Design Emergency: Building a Better Future by Alice Rawsthorn and Paola Antonelli
Design Emergency: Building a Better Future
By Alice Rawsthorn and Paola Antonelli
Publisher: Phaidon Press
Published: May 2022
Rawsthorn and Antonelli tell the stories of the remarkable designers, architects, engineers, artists, scientists, and activists who are at the forefront of positive change worldwide. Focusing on four themes—Technology, Society, Communication, and Ecology—the authors present a unique portrait of how our great creative minds are developing new design solutions to the major challenges of our time, while helping us to benefit from advances in science and technology.
Why Design Matters: Conversations with the World’s Most Creative People by Debbie Millman
Why Design Matters: Conversations with the World's Most Creative People
By Debbie Millman
Publisher: Harper Design
Published: February 22, 2022
Debbie Millman—author, educator, brand consultant, and host of the widely successful and award-winning podcast “Design Matters”—showcases dozens of her most exciting interviews, bringing together insights and reflections from today’s leading creative minds from across diverse fields.
Milton Glaser: POP by Steven Heller, Mirko Ilić, and Beth Kleber
Milton Glaser: POP
By Steven Heller, Mirko Ilić, and Beth Kleber
Publisher: The Monacelli Press
Published: March 2023
This collection of work from graphci design legend Milton Glaser’s Pop period features hundreds of examples of the designer’s work that have not been seen since their original publication, demonstrating the graphic revolution that transformed design and popular culture.
Meet Me by the Fountain: An Inside History of the Mall by Alexandra Lange
Meet Me by the Fountain: An Inside History of the Mall
By Alexandra Lange
Publisher: Bloomsbury
Published: June 2022
Chronicles postwar architects’ and merchants’ invention of the shopping mall, revealing how the design of these marketplaces played an integral role in their cultural ascent. Publishers Weekly writes, “Contending that malls answer ‘the basic human need’ of bringing people together, influential design critic Lange advocates for retrofitting abandoned shopping centers into college campuses, senior housing, and ‘ethnocentric marketplaces’ catering to immigrant communities.

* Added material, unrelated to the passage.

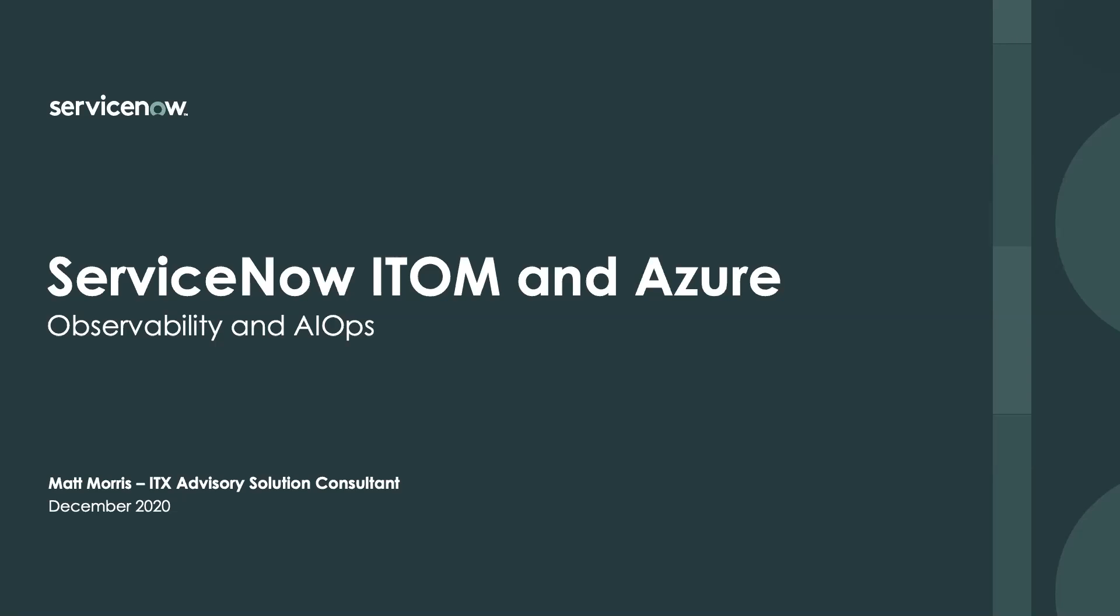Hey, welcome back. My name is Matt Morris. I'm an ITX Advisory Consultant for ServiceNow, and this video is about observability and AIOps for ServiceNow ITOM and Azure.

Lucid and well researched, this is an insightful study of an overlooked and undervalued architectural form.”
Die Fläche: Design and Lettering of the Vienna Secession, 1902–1911 (Facsimile Edition) by Diane V. Silverthorne, Dan Reynolds, and Megan Brandow-Faller
Die Fläche: Design and Lettering of the Vienna Secession, 1902–1911 (Facsimile Edition)

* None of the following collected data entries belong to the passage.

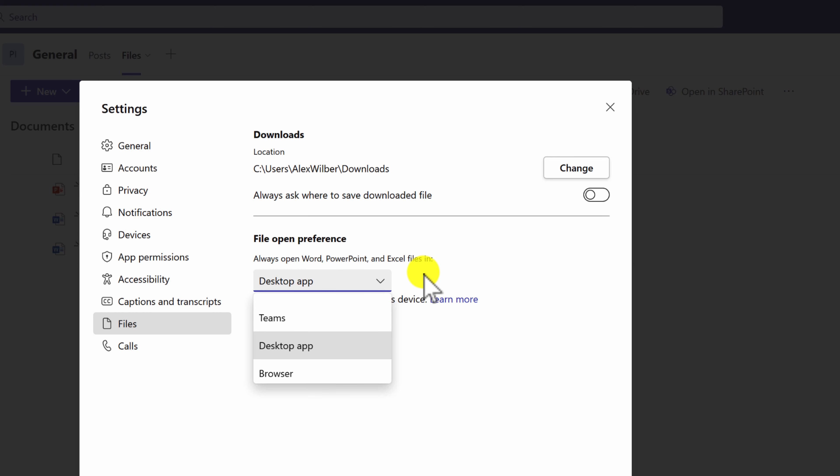But otherwise, a handy way to improve the way you work. And that's it. As simple as that.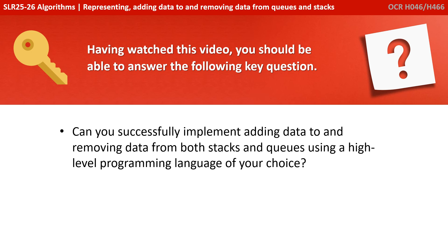Having watched this video, you should be able to answer the following key question. Can you successfully implement adding data to and remove data from both stacks and queues using a high-level programming language of your choice?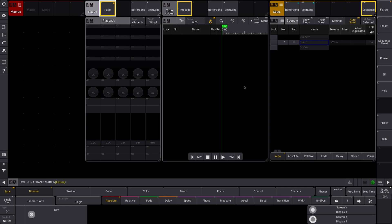If you've toured at all, you're probably familiar with the concept of a song macro. A touring show might have as many song macros as there are songs. Each macro is for a different song — it will select time codes, select pages, select sequences, all that fun stuff. I'm going to show you how to build one in MA3 today.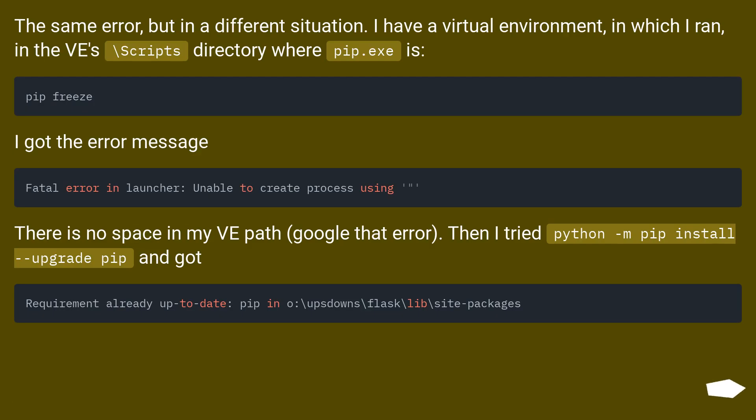The same error, but in a different situation. I have a virtual environment in which I ran, in the VE's \scripts directory where pip.exe is.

By Diane V. Silverthorne, Dan Reynolds, and Megan Brandow-Faller
Publisher: Letterform Archives Books
Published: October 2023
This facsimile edition of Die Fläche, recreates every page of the formative design periodical in full color and at original size, accompanied by essays that contextualize the work, highlighting contributions by pathbreaking women, innovative lettering artists, and key practitioners of the new “surface art,” including Rudolf von Larisch, Alfred Roller, and Wiener Werkstätte founders Koloman Moser and Josef Hoffmann.